* Exercise *
An exact copy of the lines from the start of the material below through the line containing "Keizan Yacht Photos" is the required answer, and it includes no pictures.

* Information shown *
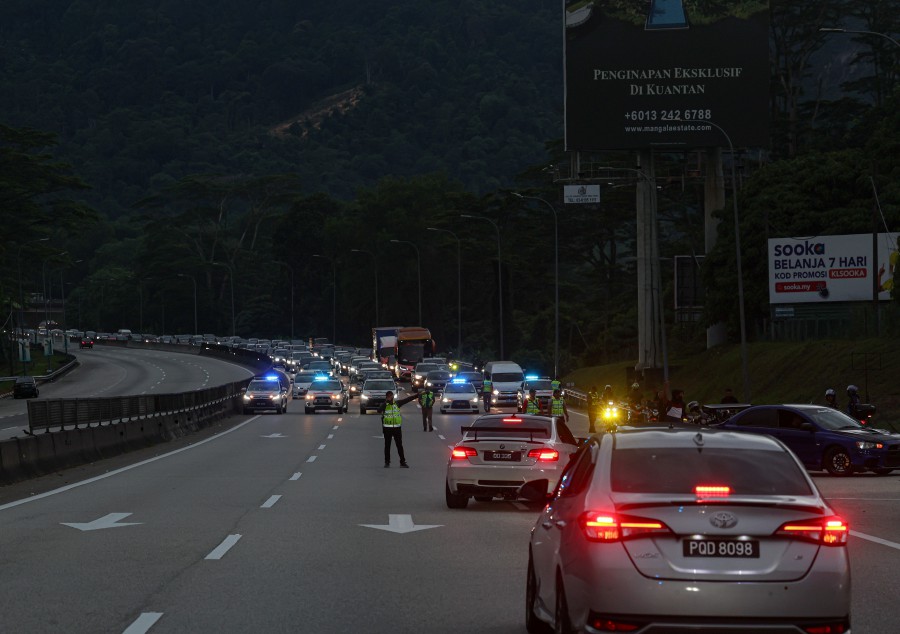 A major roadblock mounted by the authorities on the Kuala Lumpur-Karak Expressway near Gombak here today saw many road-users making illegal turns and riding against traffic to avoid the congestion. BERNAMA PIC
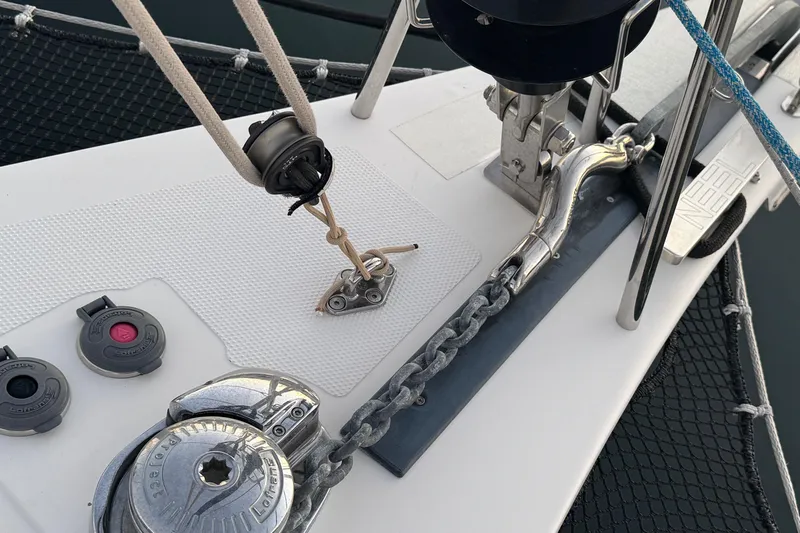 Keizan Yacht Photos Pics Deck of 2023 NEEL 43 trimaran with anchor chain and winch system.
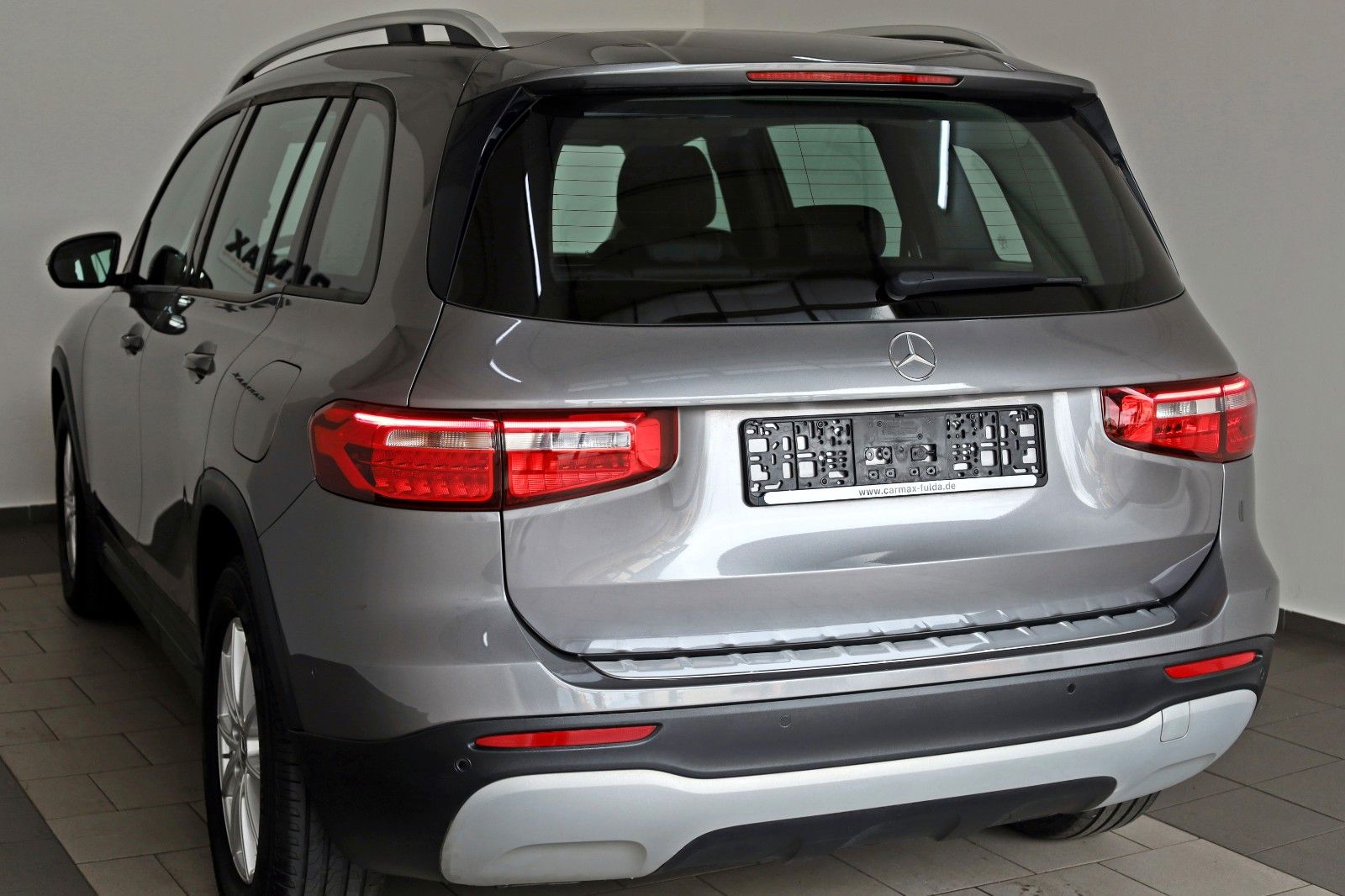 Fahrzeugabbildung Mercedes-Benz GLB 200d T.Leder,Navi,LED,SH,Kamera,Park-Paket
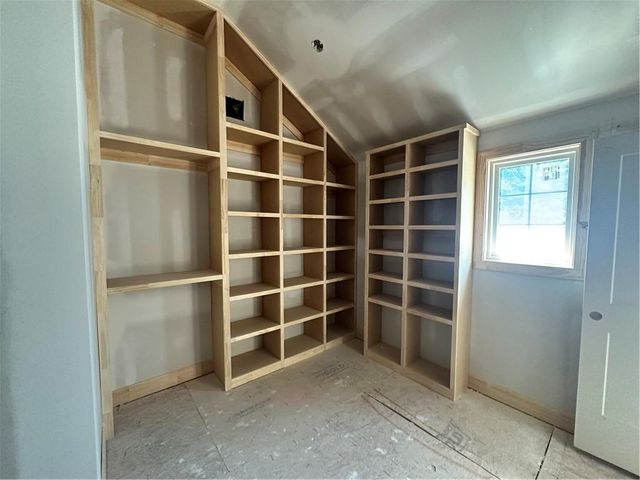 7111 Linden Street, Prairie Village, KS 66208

* Output for this task *
 A major roadblock mounted by the authorities on the Kuala Lumpur-Karak Expressway near Gombak here today saw many road-users making illegal turns and riding against traffic to avoid the congestion. BERNAMA PIC
 Keizan Yacht Photos Pics Deck of 2023 NEEL 43 trimaran with anchor chain and winch system.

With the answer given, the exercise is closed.